On agriculture, it’s the first time agriculture has been on the G20’s agenda. It really was a question we didn’t talk about. An increase in production is essential in order to feed the world’s population. Transparency on agricultural markets. We secured the regulation of commodity derivatives markets. There’s an agreement to regulate those markets and players in those markets in order to combat market abuses and above all give regulators the power to set position limits, to prevent a single player from being able to manipulate rates, through disproportionate purchases or sales. When Bruno Le Maire, François Baroin and I began, we didn’t think we’d be able to achieve such a result at a summit of this kind. Finally, emergency community stocks and a ban on export restrictions for purchases by food programmes.
As regards development: innovative financing and infrastructure. Innovative financing features in the final communiqué, with explicit reference to the financial transaction tax. A number of countries want to get innovative financing removed and the reference to the financial transaction tax removed from the communiqué; they’re still in there.
What stage are we at on this? There are now a number of countries which have joined France’s battle. Let me remind you that when France began this battle she was absolutely alone. Today, besides France, the European Commission, Germany, Spain, Argentina, the African Union, Ethiopia, South Africa, the United Nations Secretary-General – and Brazil, who has told us of her interest in the demarche – are in favour of the principle of a financial transaction tax. The text of the declaration states that the G20 acknowledges the initiatives in certain member countries to tax the financial sector for various purposes, including a financial transaction tax to support development. You can’t imagine what a battle such a tax represents.

Let me be very clear: France believes that, in order to be meet the development challenges, there has to be innovative financing, given the deficit in every country. And we said in the communiqué that, in Bill Gates’ report, there are a number of innovative financing mechanisms and that every country pledges at least to adopt one of these.
Second point: from a moral point of view we believe it’s absolutely essential for people throughout the world to know that the financial players who led the world into the mistakes we’re aware of will be made to contribute financially to repairing the damage.

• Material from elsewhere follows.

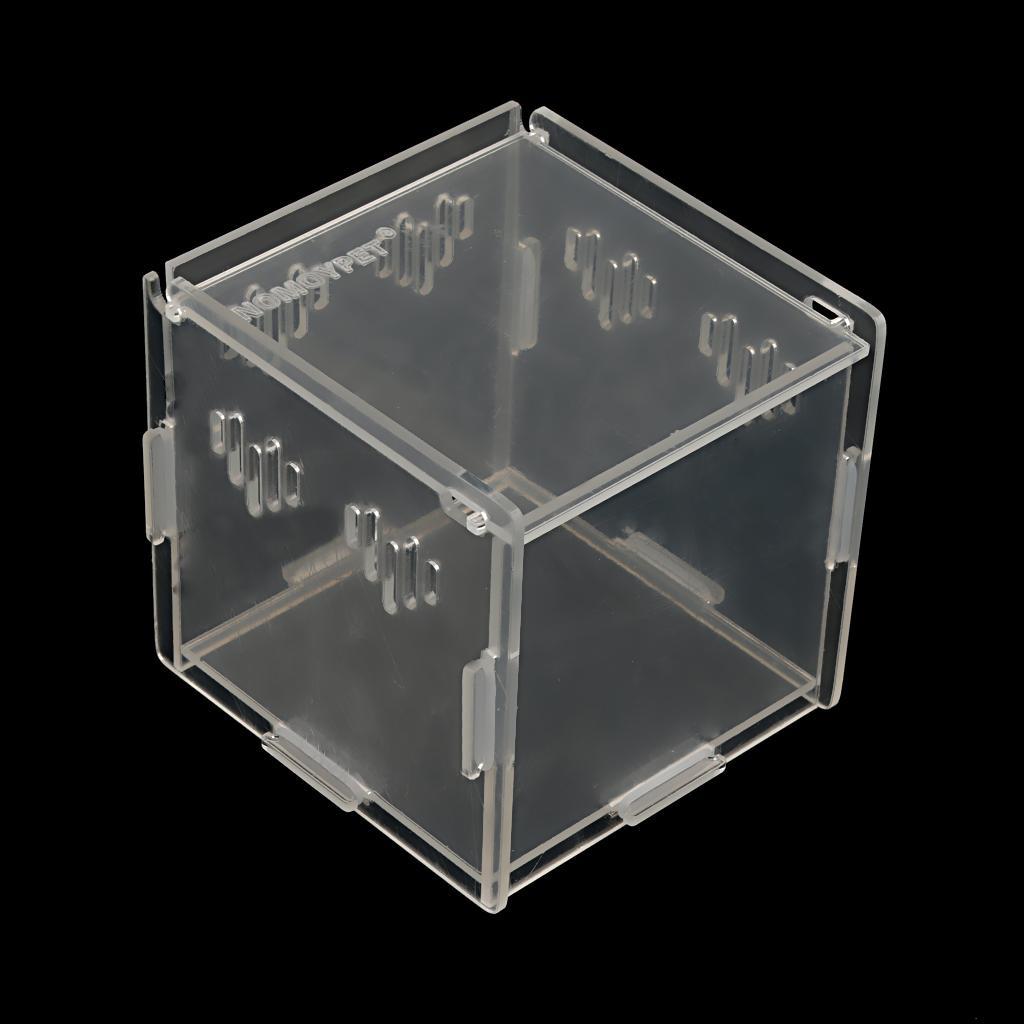 Acrylic Box Crawler Spider Scorpion Centipede Insect Feeding Insect Box - XS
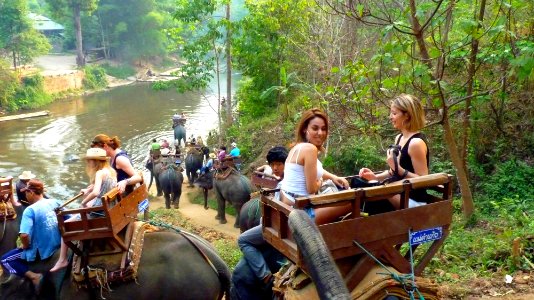 Maetaman elephant camp (68)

That’s the purpose of the financial transaction tax.

So, the European Commission project – which is the only concrete project on the table and which shows the technical possibility of a financial transaction tax – will be discussed by the Council of Ministers and heads of state and government at the beginning of next year. France will fight for this tax to become a reality, and she believes that waiting for the rest of the world to adopt such a tax isn’t a good enough argument for refusing to implement it. Clearly, to get this result we’re going to do everything to draw on public opinion in every country.
I might add that I was pleased that Barack Obama was receptive to the principle of the financial sector helping resolve the crisis. This doesn’t go as far as a financial transaction tax, but he was receptive to the idea of financial players making a financial contribution to find a way out of the crisis.

Let me remind you that we started from a situation of absolute deadlock and that the financial transaction tax is now up for debate, and I hope it will actually be implemented in 2012.
There are still a lot of things to resolve, particularly on allocating the product of the future tax, but it’s very interesting because when you discuss allocating the product of the future tax it’s because you believe the principle of the tax has made so much progress that it’s appropriate to discuss allocating the product of it.
France believes a large share, yet to be defined – a majority of the total – should go to development.
Finally, we had a debate on global governance, with a very good report by David Cameron. (…)./.